Kelihatan kan, banyak ya? Jangan dilupakan, itu cuma pokok bahasan perihal Bilangan. Belum teori lainnya seperti Rata-rata, Persen,Aljabar, Perbandingan dan sebagainya. Murid-murid wajib bisa menguasai pokok bahasan itu semua selama murid-murid bersekolah di SD.
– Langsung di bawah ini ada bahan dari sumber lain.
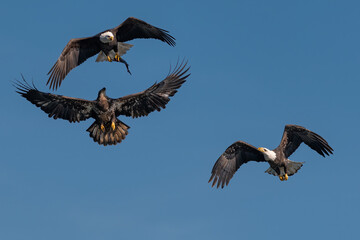 three bald eagles fighting for a fish in the mid air, Conowingo, MD, USA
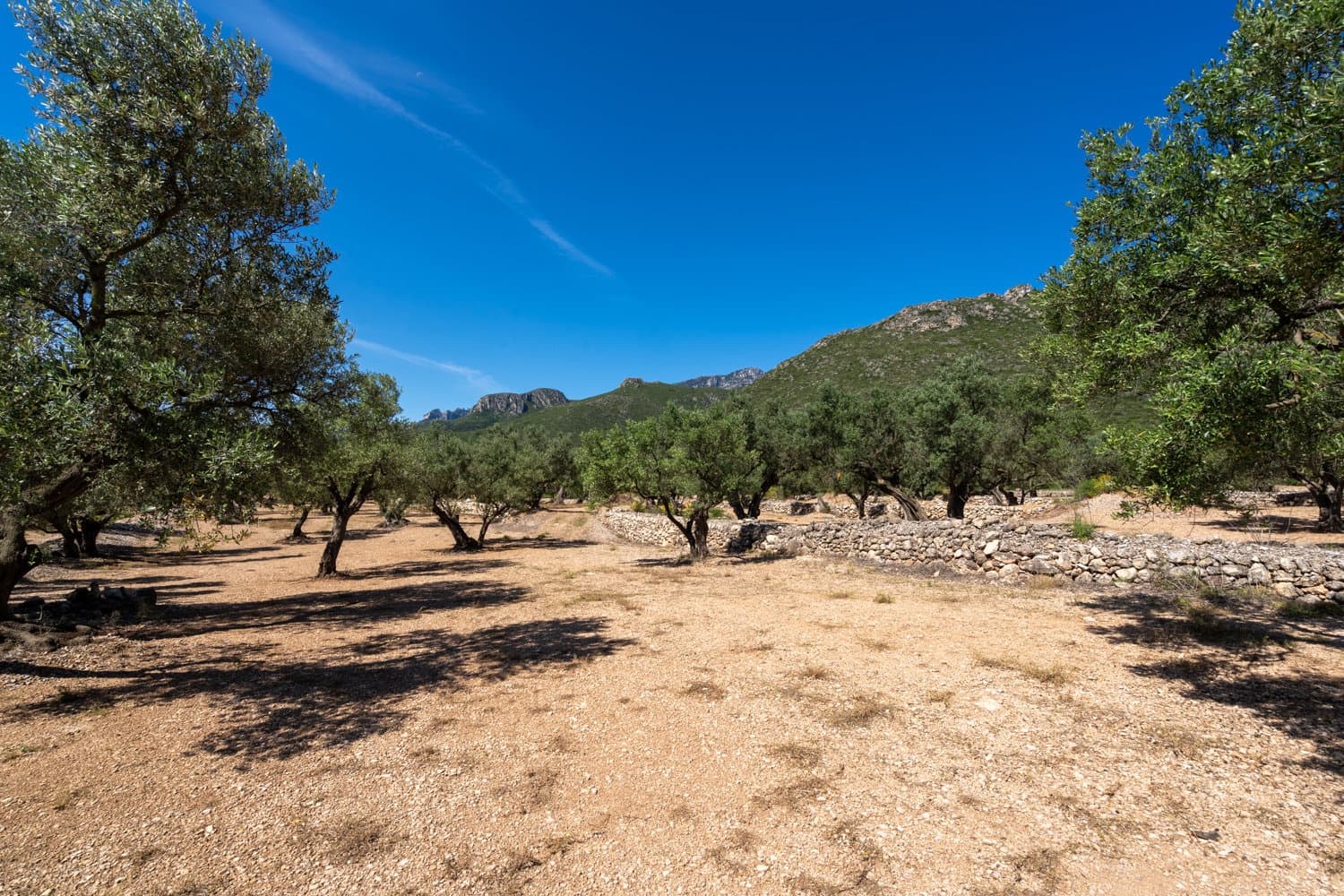 Finca/Hus på landet till salu i Roquetes - 48 000 € (Ref: 9008783)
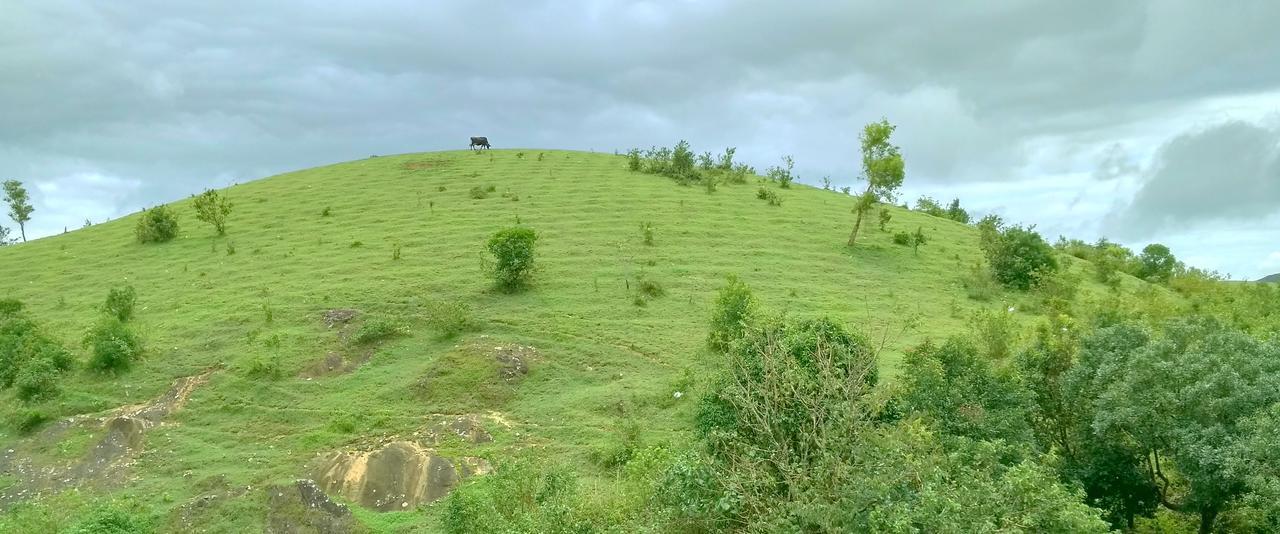 Vagamon Clouds Hotel Ngoại thất bức ảnh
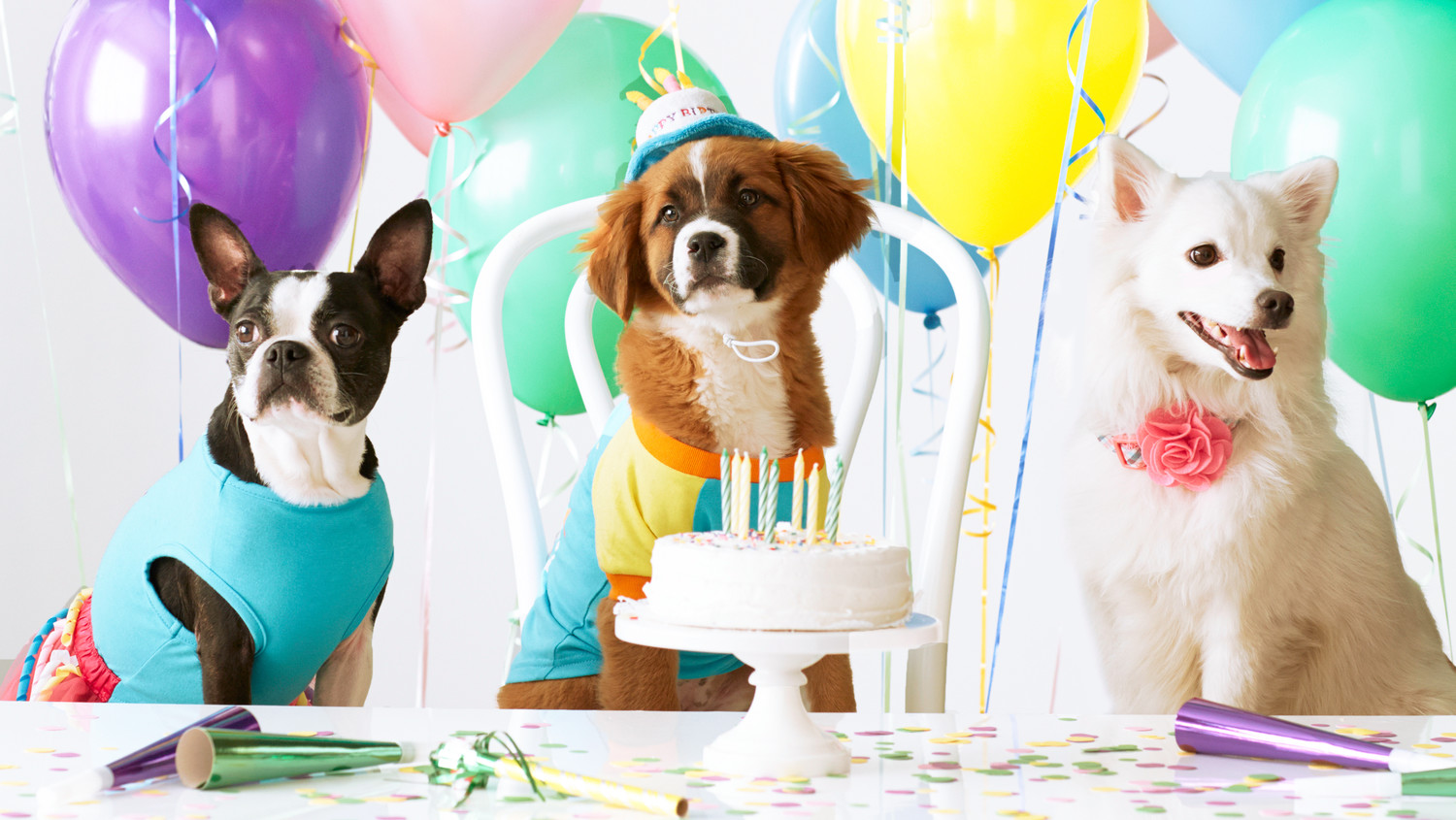 Dog party with balloons and cake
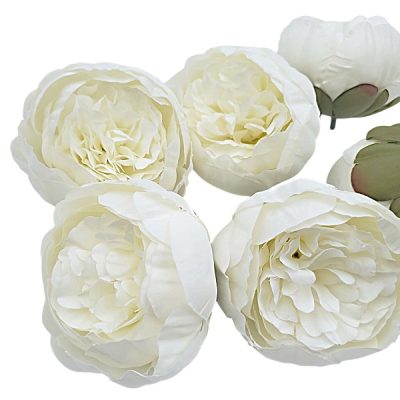 Capete flori artificiale Bujor D8cm ivory set x6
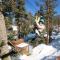 Monterey Log Lair with Pool Table - Slope Views - Big Bear Lake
Sistem belajar konsep Matematika itu tidak terputus-putus, selalu berhubungan antara pokok bahasan yang satu dengan lainnya. Terus-menerus. Tidak terpisah-pisah. Apabila materi itu dilihat sebagai materi terpisah, maka bersiaplah siswa-siswi kita akan kian kesulitan untuk memahami serta merajai Matematika.

Untuk mengerti keadaan anak kita yang masih duduk di bangku SD, khususnya pada pemahaman pelajaran Matematika, sebaiknya siswa-siswi kita dilatih semenjak dini untuk senantiasa berlatih mengasah logikanya serta berlatih untuk mendapatkan pola Matematika-nya.

Dalam metode pelajaran Matematika Dasar, terutama Matematika SD, saya mengaplikasikan cara Matematika Ajaib untuk mengajari TAKUKABA (Tambah Kurang Kali Bagi). Kultur Matematika Ajaib ini saya kembangkan sejak tahun 2001 dan ternyata banyak menolong siswa SD lebih-lebih bagi siswa yang duduk di kelas 1.

Dengan metode pembelajaran Matematika Ajaib di jenjang kelas 1 inilah siswa sudah semestinya sesering mungkin diasah nalarnya dan dilatih untuk mendapatkan pola yang ada dalam sebuah permasalahan Matematika. Tanpa nalar dan menemukan polanya, maka kian susah bagi murid sekolah dasar untuk mengerti dan menguasai Matematika sekolah dasar.

Membiasakan menggunakan akal dan melatih mencari pola Matematika akan amat membahagiakan bagi siswa-siswi, secara khusus di jenjang kelas satu SD, untuk menuntaskan problem Matematika. Malah melatih nalar dan pola ini akan benar-benar bermanfaat pada saat anak berjumpa dengan soal-soal kisah Matematika sekolah dasar.

Maka dari itu, sebelum mulai mengajarkan nalar dan pola anak SD, saya memberikan pelajaran dan pelatihan pada mereka tentang pelaksanaan berhitung TAKUKABA yang bernalar dan berpola. Kultur belajar Matematika Ajaib sangat gampang dipelajari murid Sekolah Dasar Kelas Satu. Lebih daripada itu murid-murid di TK-A juga sudah dapat mempelajari dan mengerti.

Tapi mengapa wajib menggunakan sistem Matematika Ajaib? Alasan dan pembahasan lebih mendalam akan saya jelaskan ditulisan kami edisi selanjutnya ya. Supaya Anda dan murid-murid tidak merasa bosan.

Tetapi, jika Anda mau langsung ingin memahami seperti apa sistem Matematika Ajaib ini, silahkan klik tautan Matematika Ajaib berikut ini. Dan jangan ragu, sekiranya ada teori pelajaran yang kurang jelas, Anda bisa seketika bertanya dan membahasnya via WA/HP 0830.57354647

Selamat belajar. Jaga anak Anda supaya konsisten menyukai dan paham Matematika SD Bahan Ajar Matematika Kelas 3 SD Semester 2.